Last week, we saw a lot of farmers protesting in the Indian states of Punjab and Haryana.

Why were they protesting and what are their demands?

Farmer's protest bill

To understand this, we have to first look at APMC i.e Agricultural Produce Market Committee.

This is a marketing board set up by the government in India to ensure that farmers are safeguarded from exploitation by traders and also to make sure that the farm retail price does not reach excessively high levels.

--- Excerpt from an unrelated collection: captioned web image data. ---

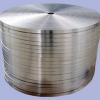 Aluminum Plastic Composite Foil(aluminum foil.al foil)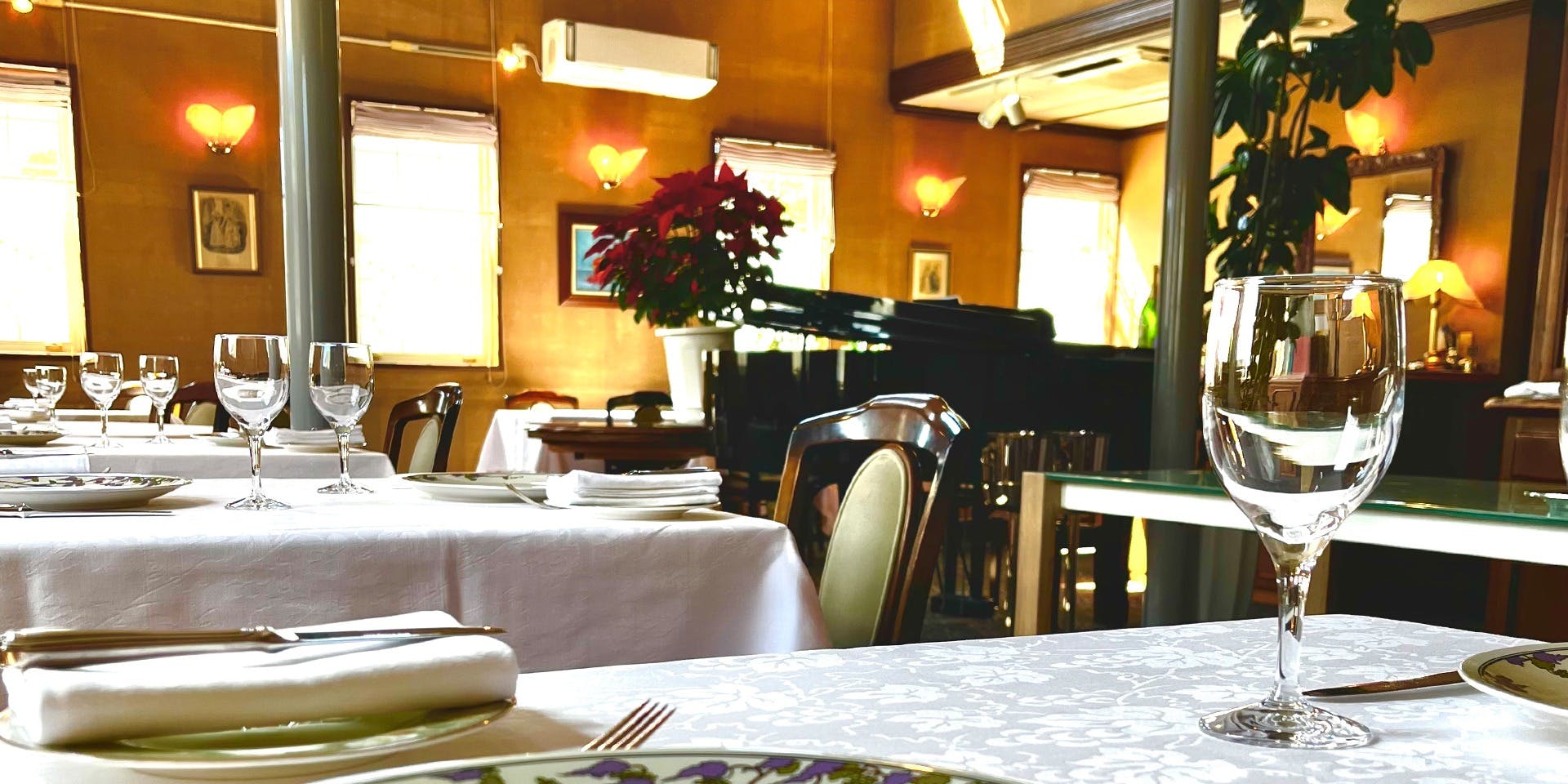 フランス料理グルメ - 画像2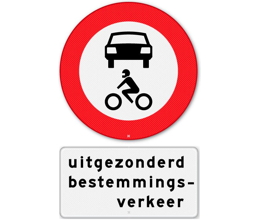 verkeersbord-brandingdijk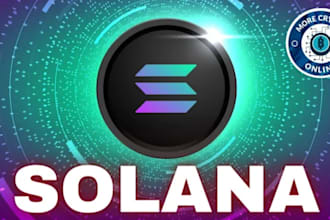 create solana volume bot, volume bot, solana game, solana trading bot
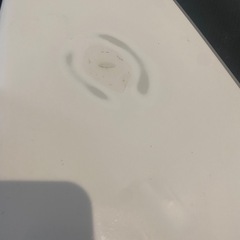 プレセボ サーフボード タブレット2　5\'10 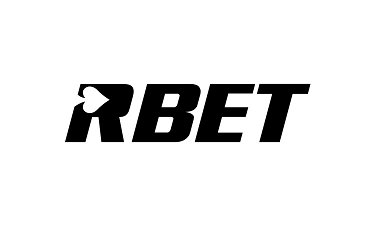 RBET.co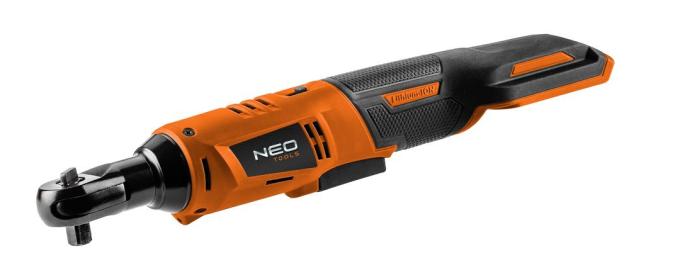 NEO 04-603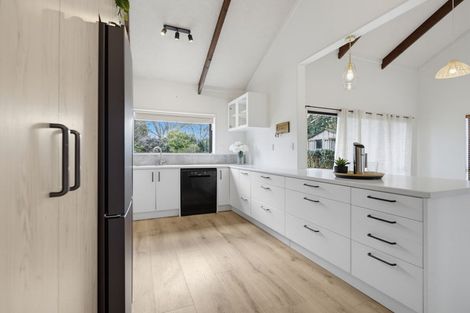 Photo of property in 1169 Franklin Street, Pirongia, 3802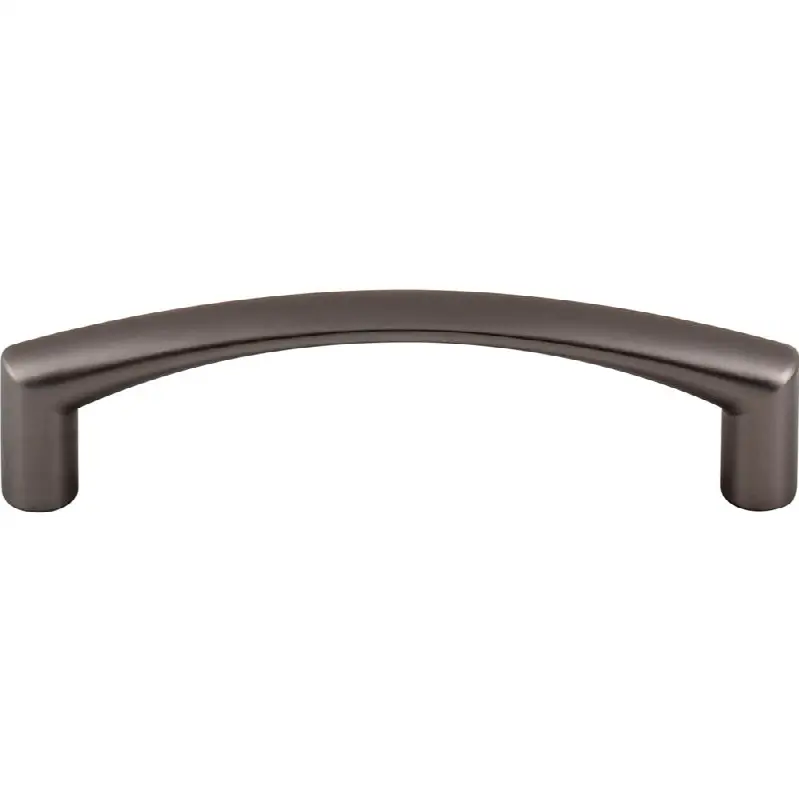 Griggs 3 3/4" Center to Center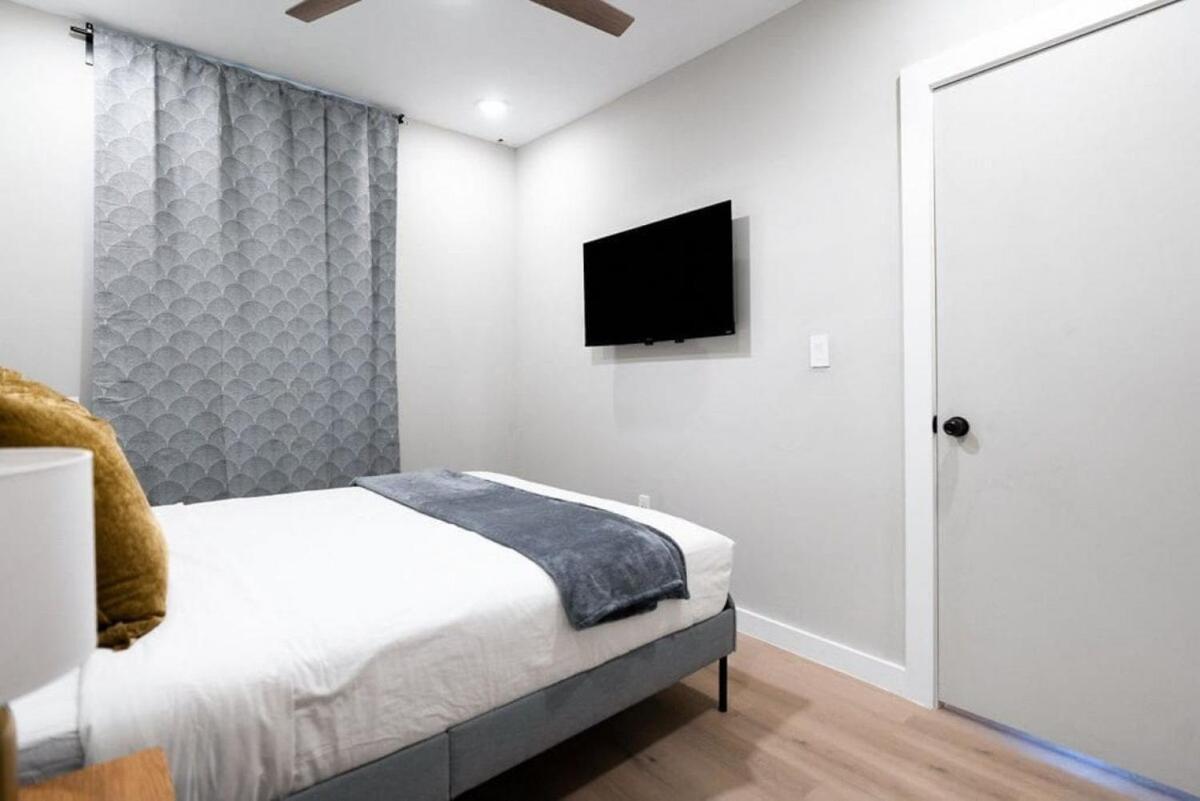 Apartment Prestige Brickell
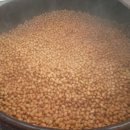 태평농장 이미지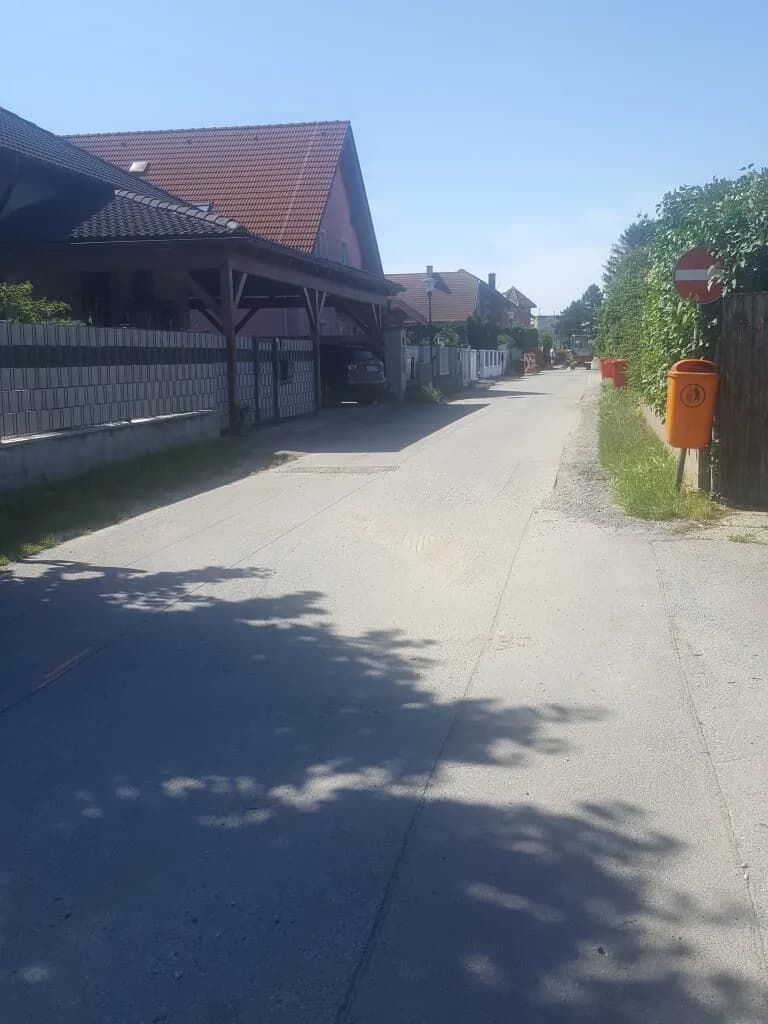 Immobilie kaufen in Korneuburg – 10 433 m², € 2.607.500 – Bild 13 von 16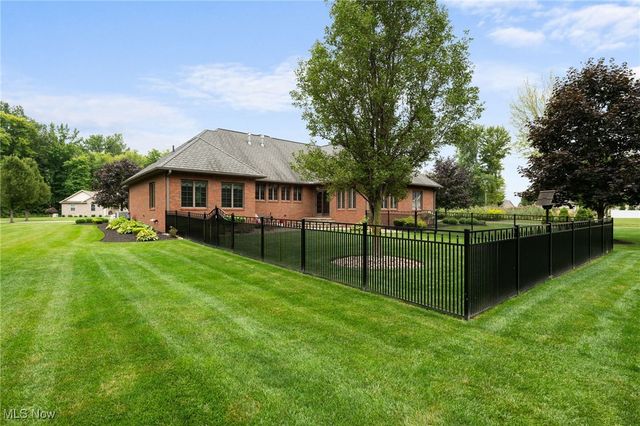 4453 Darlington Court, Ashtabula, OH 44004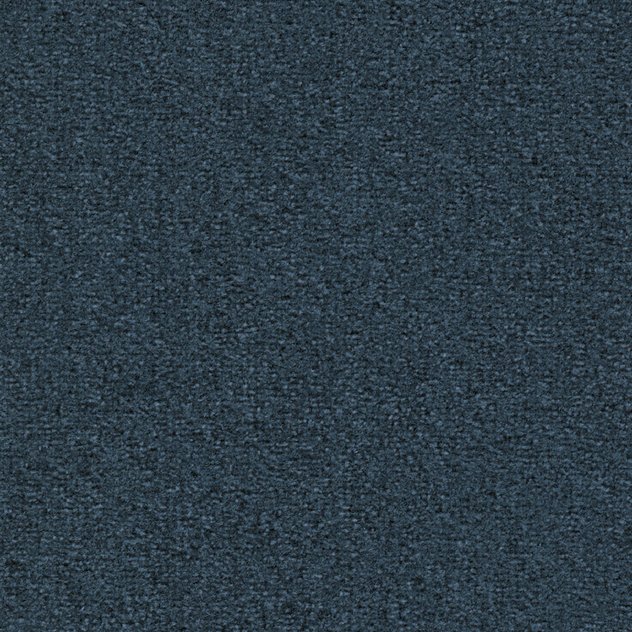 Dekor 353
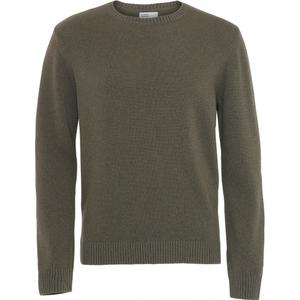 cs5083-dustyolive-pullover-mit-rundhalsausschnitt-aus-wolle-colorful-standard-classic-merino-staubiges-oliv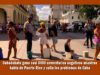 Publicación de Cubadebate genera indignación entre los cubanos
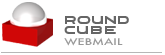 RoundCube Webmail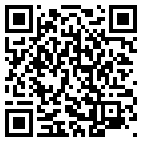 QR Code for Be Born in Los Angeles, CA 90006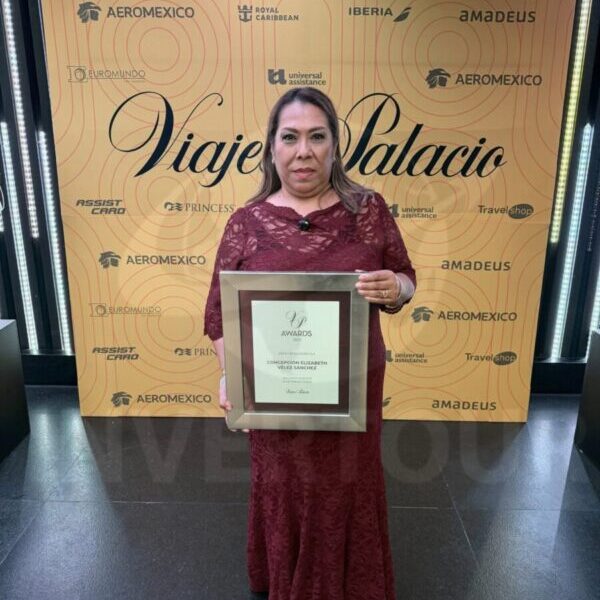 viajes-palacio-vp-awards-25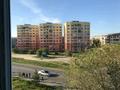 2-комнатная квартира, 56 м², 4/5 этаж, Мушелтой 12 за 20 млн 〒 в Талдыкоргане — фото 9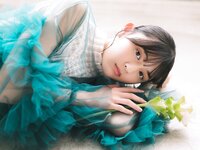 [+Weekly] 2024-12-05 Hinano Kubo 久保姫菜乃 (35P1V)
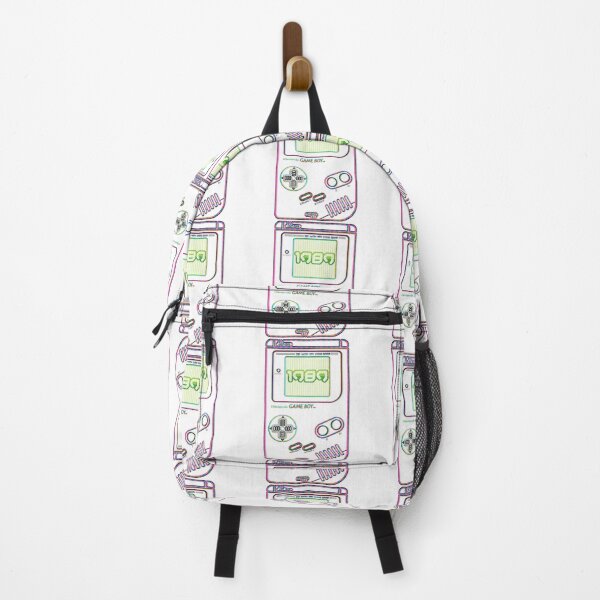 Item preview, GameLife designed and sold by F0R0G.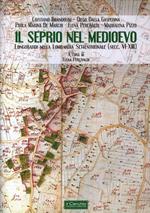 Il Seprio nel Medioevo. Longobardi nella Lombardia settentrionale (secc. VI-XIII)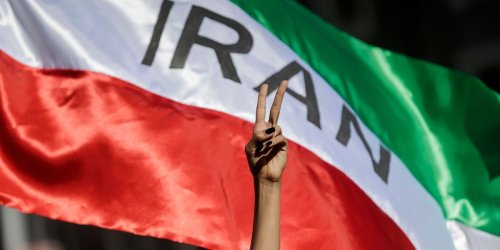 Migration: Sachsen setzt Abschiebungen in den Iran vorübergehend aus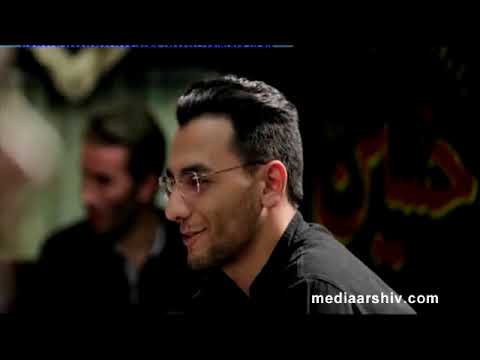 مهربانی در نذری تیزر کمیته امداد امام خمینی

Now let us understand how the agricultural trade works under APMC.

APMC

Under this system, the govt sets up special market areas wherein the farmers can sell their produce to traders. But to procure goods from the farmers, the traders have to first get a license from the govt. In addition to that, the APMC decides a "Minimum Support Price" or MSP which is a minimum price at which the traders have to buy the produce from the farmers.

Thus Wholesale and retail traders (e.g. shopping mall owners) and food processing companies cannot buy products directly from a farmer. This ensures that farmers are not exploited by intermediaries (or money lenders) who compel farmers to sell their produce at the farm gate for an extremely low price.

But then you would say, what if no trader at the market is willing to buy the produce from the farmer? Does that mean the farmer's produce will go waste? 

Farmers Protest

The answer is No. If no trader buys the crop in the market, then the govt steps in and buys it from the farmer at Minimum Support Price. This encourages the farmers to stay in business as there is an assurance that their crops will not be wasted.

This system has worked really efficiently in states like Punjab and Haryana but there are other places where this hasn't been the case. At many places, these market committees have set up Cartels and Mafias which exploit the farmers forcing them to sell their goods at a very low price and trapping them in the cycle of perpetual debt.

In order to tackle this problem, the Indian govt has proposed ordinances for the liberalization of farm trade. Under this, the farmers will have a choice of not selling their goods in APMC markets. Instead, they will have the freedom to sell it to traders outside without any taxes. Thus they can sell it for a price that is higher than the one they get in the APMC markets.

This does not mean the markets will shut down, if a farmer can't find a good deal for himself outside, then he can still come to the APMC market and sell it there.

On paper, this sounds like a really good deal for farmers right? Then why are they protesting?

The farmers think that providing incentives for trade outside the markets will give an opportunity for big corporations to step in and monopolize the farm trade.

But how exactly is this going to happen?

Protest in India

Consider this scenario. The new ordinances provide tax benefits for trading outside the markets, so naturally more and more farmers will choose to sell it to big firms outside the market. So gradually the markets will go out of business and the big firms eventually will have a monopoly over the farm trade. At that point, they will be able to force the farmers to sell at a price desired by them, which may not necessarily be profitable to the farmers. Thus there is a fear that this will lead to the mass exploitation of the farmers.

On the other side of the argument, the govt says that this system will only lead to an increase in competition which would ensure that farmers get a fair and reasonable price for their goods, which again is a valid point.

So both sides of the argument have some valid points to support their propositions but how this will turn out, only time can tell.